In many areas, voting was slow in what is seen as a key test for the credibility of President Hamid Karzai's corruption-tainted rule and the success of the US-led campaign against an intensifying Taliban insurgency.
‘I am scared. I know there are Taliban threats but I felt I had to come and vote,’ said housewife Fawzya in the city of Kandahar, who came out with three daughters and two daughters-in-law.
Tens of thousands of Afghan and US-led NATO forces are involved in a massive security operation to guard against raids after the Taliban urged a boycott and warned it would attack anyone involved in the vote.
Karzai - whose own re-election last year was mired in massive fraud - called on people to vote to take their country ‘forward to a better future’ after 30 years of war.

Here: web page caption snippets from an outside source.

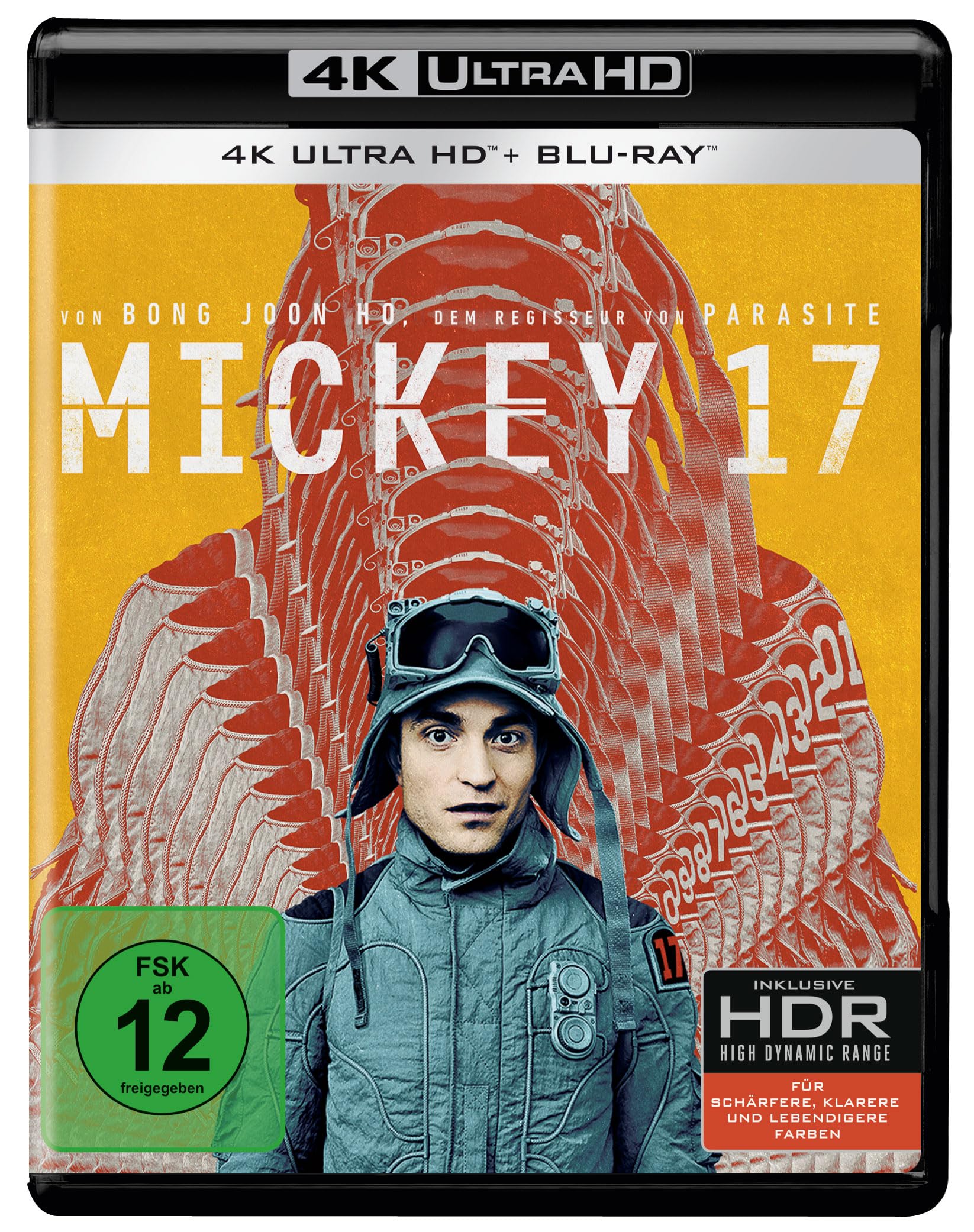 Mickey 17 [4K Ultra HD] + [Blu-ray]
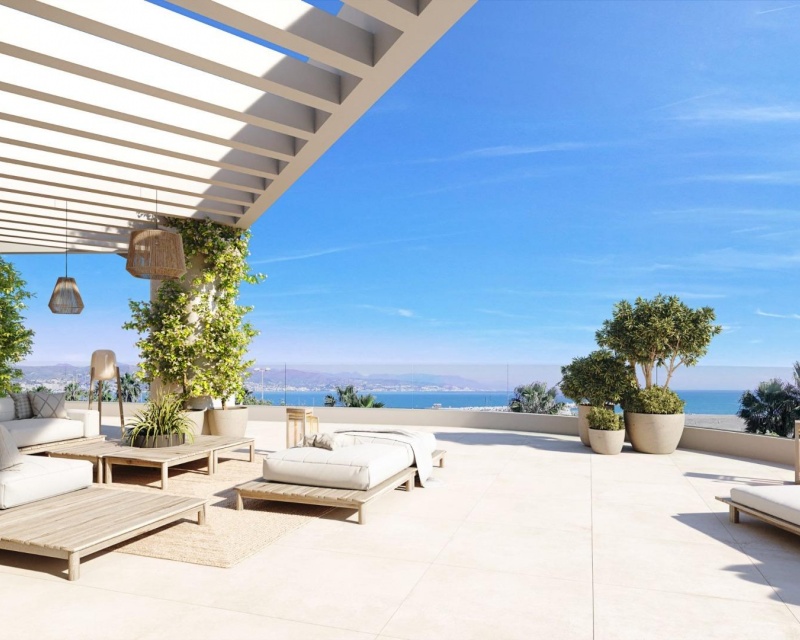 Apartment - New Build - Málaga - Playa de Sacaba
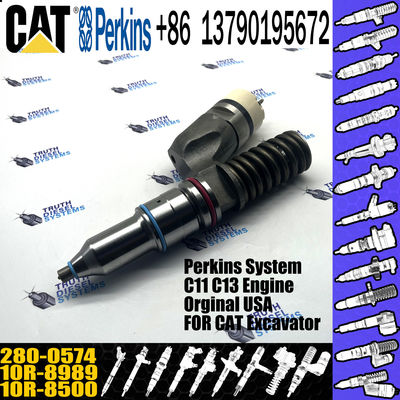 Construction Machinery Parts C15 Diesel Injector CA2800574 280-0574 2800574 10R8989 10R-8989
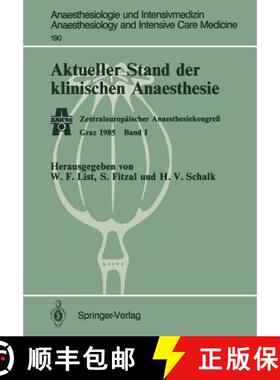 【3-4周达】Aktueller Stand der klinischen Anaesthesie : Zentraleuropäischer Anaesthesiekongreß Graz... [9783540165736]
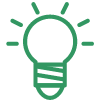 A lightbulb for the tip from Compelling Ventures on Website Design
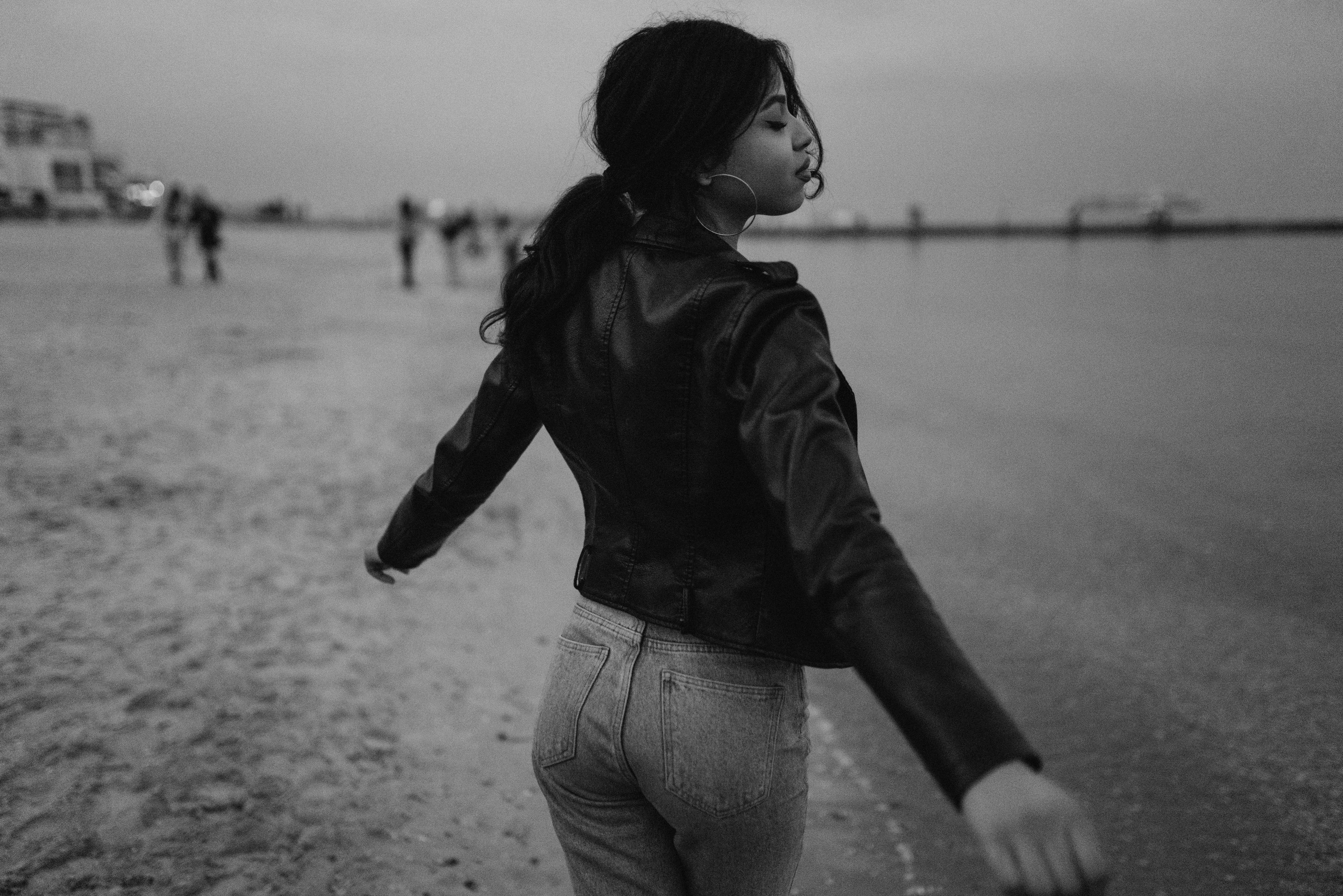 Evening with Toni. Photography and bodyart in Cologne — Sylvette Loda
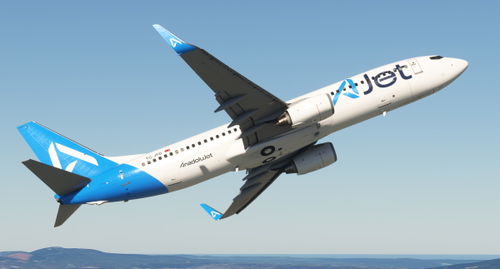 AJet B738 PMDG [TC-JFD]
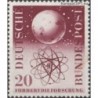 Vokietija 1955. Mokslas (atominė energija)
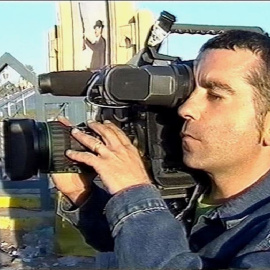 Imagen de archivo de José Couso. / REUTERS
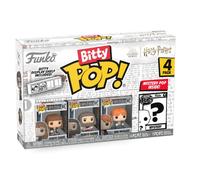 Funko Bitty Pop Harry Potter Hermione Set 4PK Custodia Incluso 1.9cm Figura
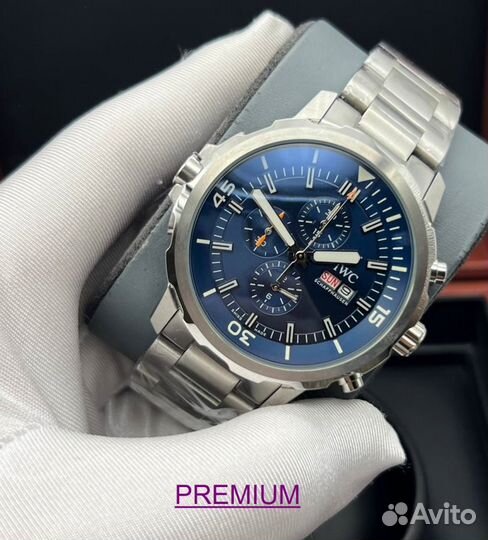 Брутальные мужские часы Iwc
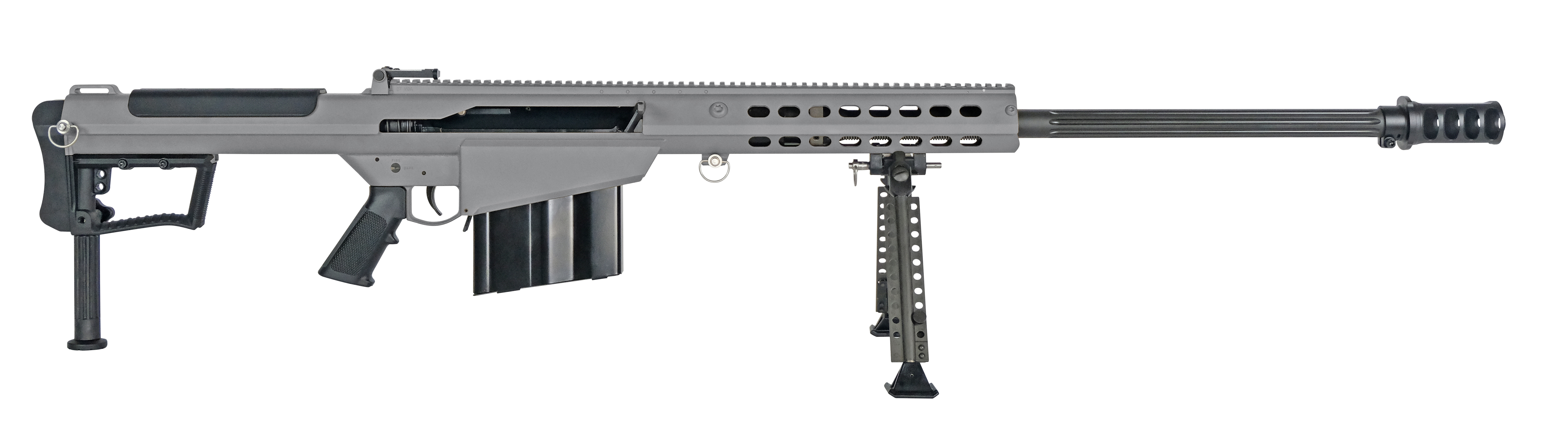BARR 18067 M107A1 FLUTED 50BMG 29 10R GRY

More than 2,500 candidates are contesting 249 seats in the lower house of parliament, or Wolesi Jirga - a key step in a US-led process to bring democracy to the impoverished and conservative Muslim country.
Among them are 406 women contesting 68 seats reserved for them under legislation designed to better their rights.
The vote comes at a pivotal time for 148,800 US-led NATO troops trying to reverse the insurgency and allow American troops to start leaving next year.
Polls closed at 4pm, although those still queuing would be allowed to vote, an IEC official said.